Solar capacity expansion is comparable to wind capacity in the region by the end of the modelling period in all scenarios. Although photovoltaic is more expensive than wind generation throughout the modelled period, investment in small scale photovoltaic installations are incentivized by participation in retail electricity markets whereas wind and large scale PV farms compete against the wholesale electricity price. The growth in hydro capacity is the lowest of the three main RES technologies. According to expert consultation within the course of this study, more dynamic hydro capacity development is constrained by sustainability concerns and competing water uses.

Similar trends unfold on the generation side, with photovoltaic and wind generation replacing outgoing coal and lignite based generation. This occurs slowly over the first 15 years and more rapidly after 2030. In the ‘no target’ scenario, when new RES generators do not receive support from 2020 onwards, PV and wind development is initially slow, still only slightly above 2020 levels by 2040. However, in the last modelled decade even without subsidies PV and wind generation expands rapidly in the ‘no target’ scenario, driven by the increasing wholesale prices and falling technology costs.

Depending on the scenario, the role of natural gas within the regional electricity system as a ‘bridging’ fuel varies. In the ‘no target’ scenario electricity generation from natural gas initially increases by a factor of more than four, while in the ‘decarbonization’ scenario the bridging role of natural gas is more short lived, and at its peak increases only by a factor of two. This increase in generation can be accommodated without a need to increase generation capacity. From 2030 to2040 the share of natural gas generation broadly declines in all scenarios, only keeping a sizable share in the ‘no target’ scenario. It is a topic for further research to assess whether all currently planned gas infrastructure developments are needed to satisfy the modelled gas demand, or whether investment in gas infrastructure will create a new set of stranded assets in the region over the long term. As this modelling only partially covers gas demand (household and industrial consumption is not modelled), the SEERMAP assessment cannot provide a fully reliable answer.

Studies like Capros et al. (Citation2012) and Haller et al. (Citation2012) also assess the long-term role of gas in long term energy scenarios. Capros et al. (Citation2012) find regional natural gas demand to be constant over time in the region, which does not support large inter-country investments in infrastructure, while Haller et al. (Citation2012) show that the role of gas generation increases after 2030 but can be limited by emission constraints.

Although most SEERMAP countries follow the broad regional trend highlighted in , noteworthy differences can be observed at country level. While most countries will be self-sufficient by 2050, imports in Bulgaria and Serbia will increase significantly by 2050. Albania and Montenegro, in contrast, become net exporters due to their favourable RES potential within the region. As illustrates, in these net exporting countries the electricity sector will exclusively rely on RES generation, where hydro power based generation will dominate. Hydropower remains significant in Bosnia and Herzegovina, FYR of Macedonia and Serbia, while variable PV and wind generation grow more in Greece, Bulgaria and Romania. Interestingly, while nuclear generation helps Romania reach self-sufficiency, Bulgaria will still rely on significant imports in spite of the sizeable nuclear generation share.

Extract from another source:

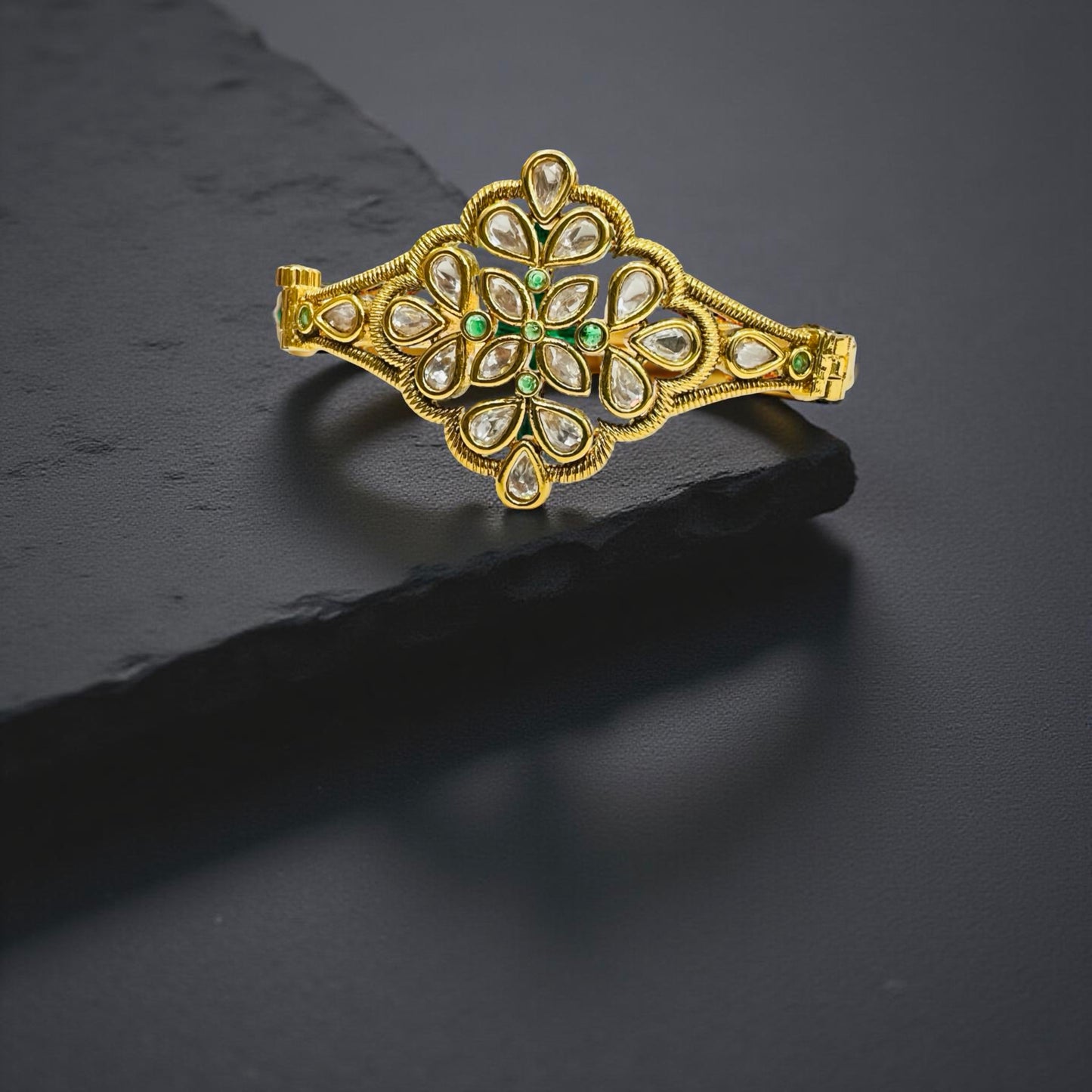 Jinam Royal gold-plated Kundan floral bracelet with intricate design and vibrant gemstone accents.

Figure 3. Electricity generation in the modelled scenarios for the SEERMAP region.

Figure 3. Electricity generation in the modelled scenarios for the SEERMAP region.

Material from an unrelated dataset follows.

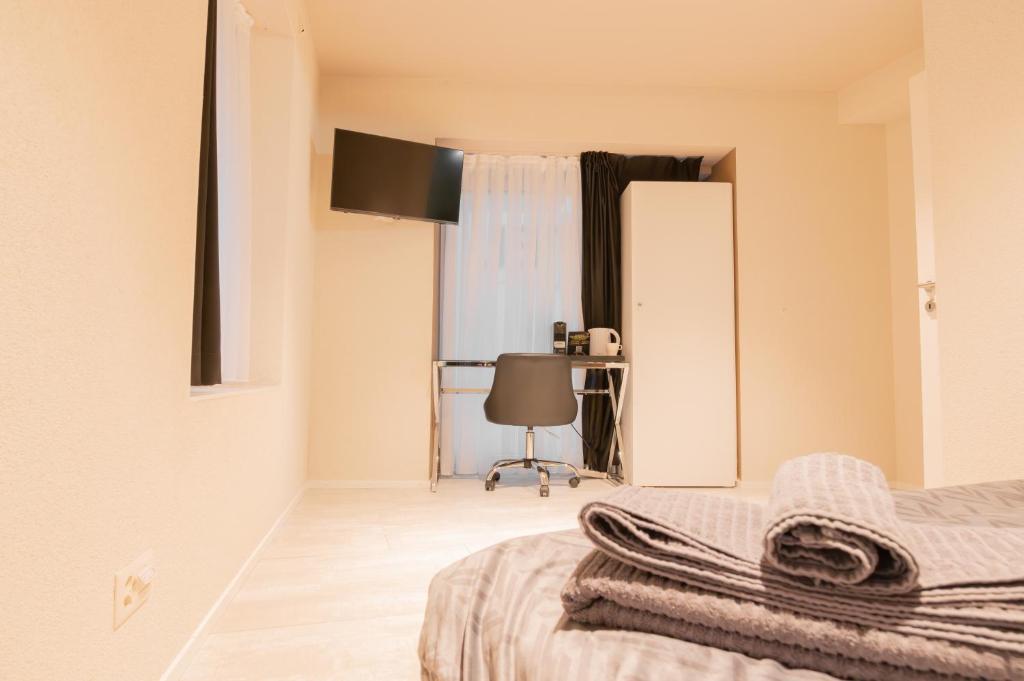 Postel nebo postele na pokoji v ubytování Hotel Rütli am Bahnhof Rüti ZH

Figure 4. Electricity generation in the modelled scenarios by country level, 2050.

Figure 4. Electricity generation in the modelled scenarios by country level, 2050.

Security of supply

The scenarios assume physical and commercial integration of national electricity markets of the SEE countries, which generally improves security of supply. However, for energy systems with a high share of variable renewables, security of supply concerns may arise. In order to assess the validity of these concerns, three security of supply indices were calculated for all countries and scenarios: the generation capacity margin, the system adequacy margin, and the cost of increasing the generation adequacy margin to zero.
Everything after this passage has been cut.